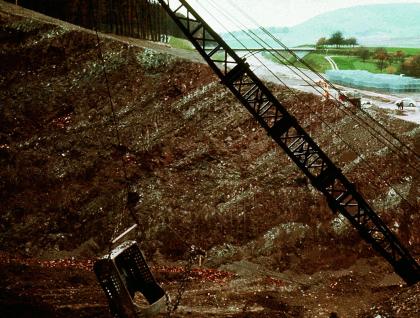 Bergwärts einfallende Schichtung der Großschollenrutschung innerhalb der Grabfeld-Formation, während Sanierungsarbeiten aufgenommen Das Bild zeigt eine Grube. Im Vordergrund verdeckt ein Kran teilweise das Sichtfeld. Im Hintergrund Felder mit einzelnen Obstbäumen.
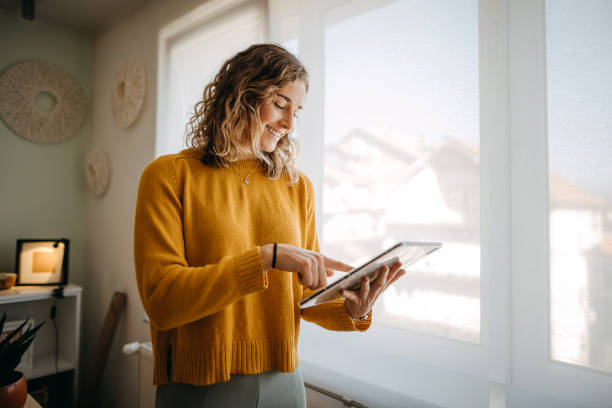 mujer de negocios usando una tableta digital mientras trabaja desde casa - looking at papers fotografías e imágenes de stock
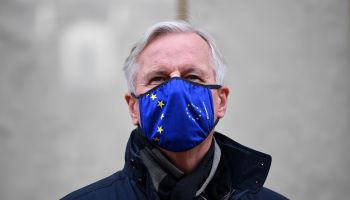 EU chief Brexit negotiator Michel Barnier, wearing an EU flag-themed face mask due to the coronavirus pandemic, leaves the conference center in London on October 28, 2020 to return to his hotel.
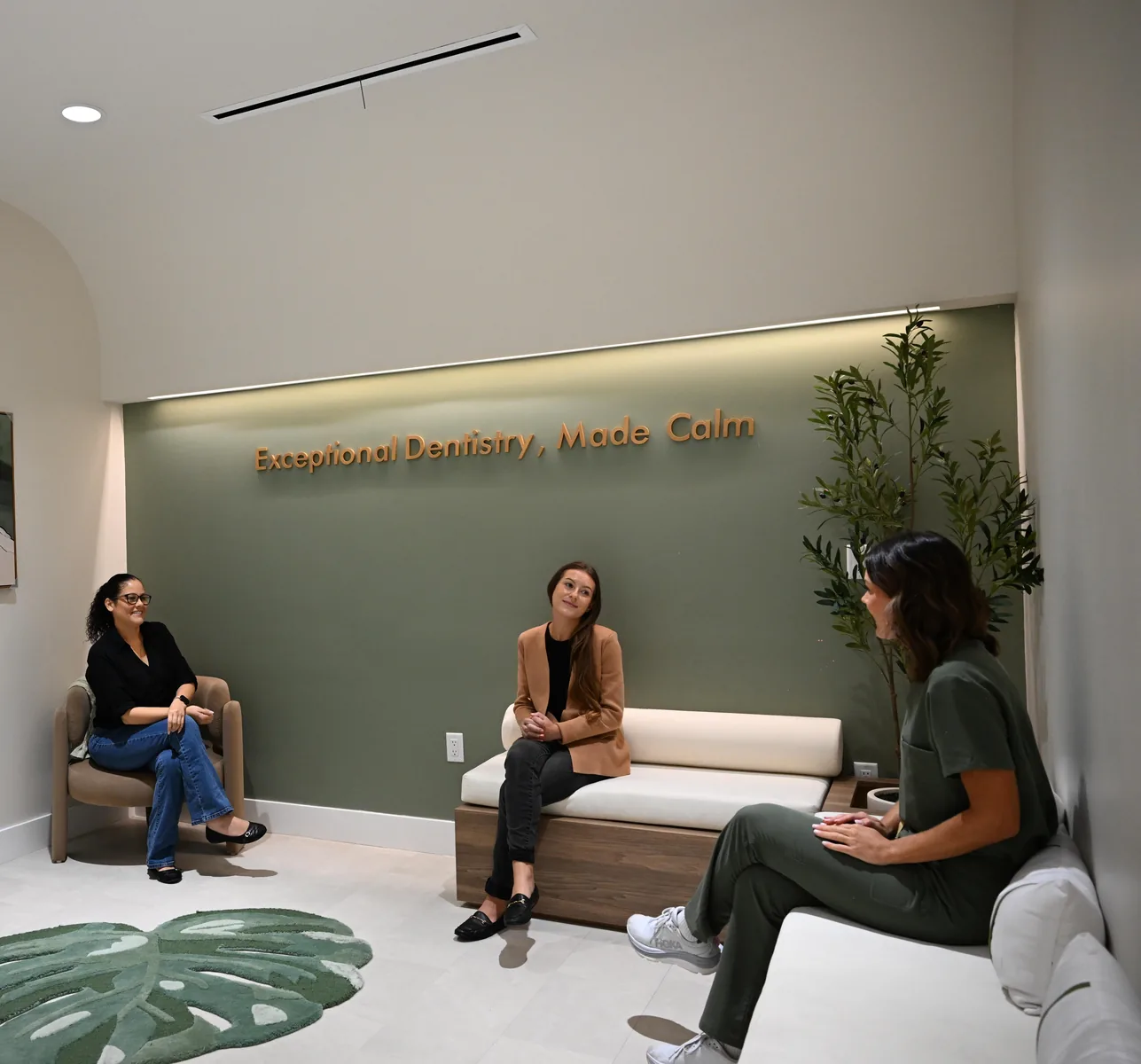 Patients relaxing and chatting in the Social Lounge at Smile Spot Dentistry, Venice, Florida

_ACTIVITY_
Only the lines from the one containing "mujer de negocios" through the final line of the data are to be written out, exactly as they stand and without pictures.

_TASK RESULT_
 mujer de negocios usando una tableta digital mientras trabaja desde casa - looking at papers fotografías e imágenes de stock
 EU chief Brexit negotiator Michel Barnier, wearing an EU flag-themed face mask due to the coronavirus pandemic, leaves the conference center in London on October 28, 2020 to return to his hotel.
 Patients relaxing and chatting in the Social Lounge at Smile Spot Dentistry, Venice, Florida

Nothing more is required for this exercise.